> _WHAT YOU NEED TO DO_
Each line below that carries the string "Picture" must appear in the answer.

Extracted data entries
....................
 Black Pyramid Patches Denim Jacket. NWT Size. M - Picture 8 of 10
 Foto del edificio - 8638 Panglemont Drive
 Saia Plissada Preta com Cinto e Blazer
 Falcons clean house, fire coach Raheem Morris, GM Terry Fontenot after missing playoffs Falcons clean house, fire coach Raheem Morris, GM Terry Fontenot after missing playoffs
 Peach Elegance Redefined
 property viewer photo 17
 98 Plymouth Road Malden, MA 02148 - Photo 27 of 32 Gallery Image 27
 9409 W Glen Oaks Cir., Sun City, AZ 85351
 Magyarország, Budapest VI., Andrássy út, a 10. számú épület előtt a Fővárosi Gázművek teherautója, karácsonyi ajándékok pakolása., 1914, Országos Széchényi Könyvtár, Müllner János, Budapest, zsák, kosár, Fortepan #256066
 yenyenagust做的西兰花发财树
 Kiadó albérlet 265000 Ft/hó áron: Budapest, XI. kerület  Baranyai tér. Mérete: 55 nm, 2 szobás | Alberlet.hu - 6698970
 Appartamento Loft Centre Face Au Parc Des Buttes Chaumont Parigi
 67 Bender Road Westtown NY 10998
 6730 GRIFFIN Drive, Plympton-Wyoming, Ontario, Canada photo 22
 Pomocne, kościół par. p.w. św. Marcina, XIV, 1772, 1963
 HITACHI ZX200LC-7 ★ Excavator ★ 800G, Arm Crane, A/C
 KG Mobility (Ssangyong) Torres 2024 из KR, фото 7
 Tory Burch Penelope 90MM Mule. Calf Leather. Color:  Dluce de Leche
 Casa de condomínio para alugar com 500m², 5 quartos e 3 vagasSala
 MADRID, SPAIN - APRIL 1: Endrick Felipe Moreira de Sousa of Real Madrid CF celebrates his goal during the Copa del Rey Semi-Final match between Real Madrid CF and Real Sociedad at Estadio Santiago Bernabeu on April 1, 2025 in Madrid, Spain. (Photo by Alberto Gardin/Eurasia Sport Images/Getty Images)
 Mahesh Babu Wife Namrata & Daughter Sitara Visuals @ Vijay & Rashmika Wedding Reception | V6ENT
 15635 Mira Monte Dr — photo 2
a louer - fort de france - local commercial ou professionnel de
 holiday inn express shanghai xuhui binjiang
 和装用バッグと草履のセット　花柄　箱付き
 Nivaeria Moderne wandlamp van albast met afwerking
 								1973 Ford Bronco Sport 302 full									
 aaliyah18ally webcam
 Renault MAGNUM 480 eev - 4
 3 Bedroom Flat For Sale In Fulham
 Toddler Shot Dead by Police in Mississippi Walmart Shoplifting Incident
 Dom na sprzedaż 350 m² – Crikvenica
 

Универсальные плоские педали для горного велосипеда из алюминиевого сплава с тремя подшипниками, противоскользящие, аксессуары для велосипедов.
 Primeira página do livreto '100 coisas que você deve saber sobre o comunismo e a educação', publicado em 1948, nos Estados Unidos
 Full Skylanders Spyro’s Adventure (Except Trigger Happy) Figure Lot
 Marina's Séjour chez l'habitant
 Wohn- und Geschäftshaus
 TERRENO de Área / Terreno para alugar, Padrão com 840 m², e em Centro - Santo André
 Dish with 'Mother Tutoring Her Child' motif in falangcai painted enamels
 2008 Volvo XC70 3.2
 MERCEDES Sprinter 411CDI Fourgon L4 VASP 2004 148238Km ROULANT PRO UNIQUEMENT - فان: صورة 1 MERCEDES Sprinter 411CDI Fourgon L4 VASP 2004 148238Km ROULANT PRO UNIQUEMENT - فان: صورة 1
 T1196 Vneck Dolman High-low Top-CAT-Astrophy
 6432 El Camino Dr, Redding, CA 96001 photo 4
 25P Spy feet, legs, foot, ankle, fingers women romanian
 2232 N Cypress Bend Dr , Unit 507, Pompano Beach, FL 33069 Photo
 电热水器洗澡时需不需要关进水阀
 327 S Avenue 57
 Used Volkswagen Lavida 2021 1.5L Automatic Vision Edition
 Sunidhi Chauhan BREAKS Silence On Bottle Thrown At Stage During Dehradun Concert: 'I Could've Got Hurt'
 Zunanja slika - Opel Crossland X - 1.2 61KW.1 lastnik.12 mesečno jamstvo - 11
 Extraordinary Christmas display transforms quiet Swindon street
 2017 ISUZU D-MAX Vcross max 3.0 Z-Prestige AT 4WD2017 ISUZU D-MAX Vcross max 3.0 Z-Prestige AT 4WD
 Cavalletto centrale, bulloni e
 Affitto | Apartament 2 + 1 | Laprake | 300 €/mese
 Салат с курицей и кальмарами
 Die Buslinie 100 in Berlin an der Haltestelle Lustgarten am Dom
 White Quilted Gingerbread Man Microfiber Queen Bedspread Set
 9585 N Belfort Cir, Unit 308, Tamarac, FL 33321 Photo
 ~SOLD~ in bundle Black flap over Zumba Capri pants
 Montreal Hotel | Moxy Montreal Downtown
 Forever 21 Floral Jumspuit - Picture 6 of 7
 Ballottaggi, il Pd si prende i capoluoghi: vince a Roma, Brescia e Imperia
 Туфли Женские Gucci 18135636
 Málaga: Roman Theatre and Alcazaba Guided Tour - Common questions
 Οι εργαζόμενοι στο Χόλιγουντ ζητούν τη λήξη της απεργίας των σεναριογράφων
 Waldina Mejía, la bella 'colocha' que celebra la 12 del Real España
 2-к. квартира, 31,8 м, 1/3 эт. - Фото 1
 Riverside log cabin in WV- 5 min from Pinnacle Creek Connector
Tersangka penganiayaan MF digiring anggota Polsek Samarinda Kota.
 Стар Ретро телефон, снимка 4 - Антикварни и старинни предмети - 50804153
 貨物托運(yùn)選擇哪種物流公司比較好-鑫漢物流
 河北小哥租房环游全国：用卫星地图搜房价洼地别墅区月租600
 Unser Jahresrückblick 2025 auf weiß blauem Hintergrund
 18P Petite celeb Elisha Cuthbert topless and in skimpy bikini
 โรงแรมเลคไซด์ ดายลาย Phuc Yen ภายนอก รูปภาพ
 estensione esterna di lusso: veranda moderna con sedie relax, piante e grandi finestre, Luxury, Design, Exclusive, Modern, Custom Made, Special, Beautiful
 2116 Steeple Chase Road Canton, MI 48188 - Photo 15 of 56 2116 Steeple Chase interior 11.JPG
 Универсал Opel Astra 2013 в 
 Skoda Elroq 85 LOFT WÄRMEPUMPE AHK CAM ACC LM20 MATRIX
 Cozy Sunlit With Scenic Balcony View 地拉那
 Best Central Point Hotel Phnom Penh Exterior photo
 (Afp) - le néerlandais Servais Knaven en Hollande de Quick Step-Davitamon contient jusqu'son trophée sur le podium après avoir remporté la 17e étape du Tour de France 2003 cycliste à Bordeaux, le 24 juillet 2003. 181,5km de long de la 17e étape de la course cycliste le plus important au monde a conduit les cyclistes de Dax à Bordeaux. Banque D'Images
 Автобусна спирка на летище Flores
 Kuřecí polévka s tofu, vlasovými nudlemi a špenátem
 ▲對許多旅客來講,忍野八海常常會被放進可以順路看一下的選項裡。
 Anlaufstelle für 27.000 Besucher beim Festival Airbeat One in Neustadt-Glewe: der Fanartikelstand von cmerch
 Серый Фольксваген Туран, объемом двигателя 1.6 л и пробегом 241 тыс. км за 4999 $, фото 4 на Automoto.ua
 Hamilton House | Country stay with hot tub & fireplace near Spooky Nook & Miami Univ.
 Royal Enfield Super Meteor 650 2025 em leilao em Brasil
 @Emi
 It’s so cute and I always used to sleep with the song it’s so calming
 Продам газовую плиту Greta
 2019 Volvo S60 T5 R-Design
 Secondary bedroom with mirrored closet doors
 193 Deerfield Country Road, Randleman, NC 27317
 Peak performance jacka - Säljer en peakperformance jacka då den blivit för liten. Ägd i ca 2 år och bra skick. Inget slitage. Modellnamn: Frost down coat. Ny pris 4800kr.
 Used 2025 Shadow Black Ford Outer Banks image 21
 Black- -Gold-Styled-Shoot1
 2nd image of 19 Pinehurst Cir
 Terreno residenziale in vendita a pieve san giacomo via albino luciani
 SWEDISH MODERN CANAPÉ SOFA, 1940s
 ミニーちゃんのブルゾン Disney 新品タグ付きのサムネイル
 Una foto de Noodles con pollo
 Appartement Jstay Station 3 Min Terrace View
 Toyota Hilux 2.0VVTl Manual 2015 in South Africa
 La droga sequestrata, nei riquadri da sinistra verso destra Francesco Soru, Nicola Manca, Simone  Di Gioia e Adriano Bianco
....................
> _FINISHED TASK_
 Black Pyramid Patches Denim Jacket. NWT Size. M - Picture 8 of 10
 Forever 21 Floral Jumspuit - Picture 6 of 7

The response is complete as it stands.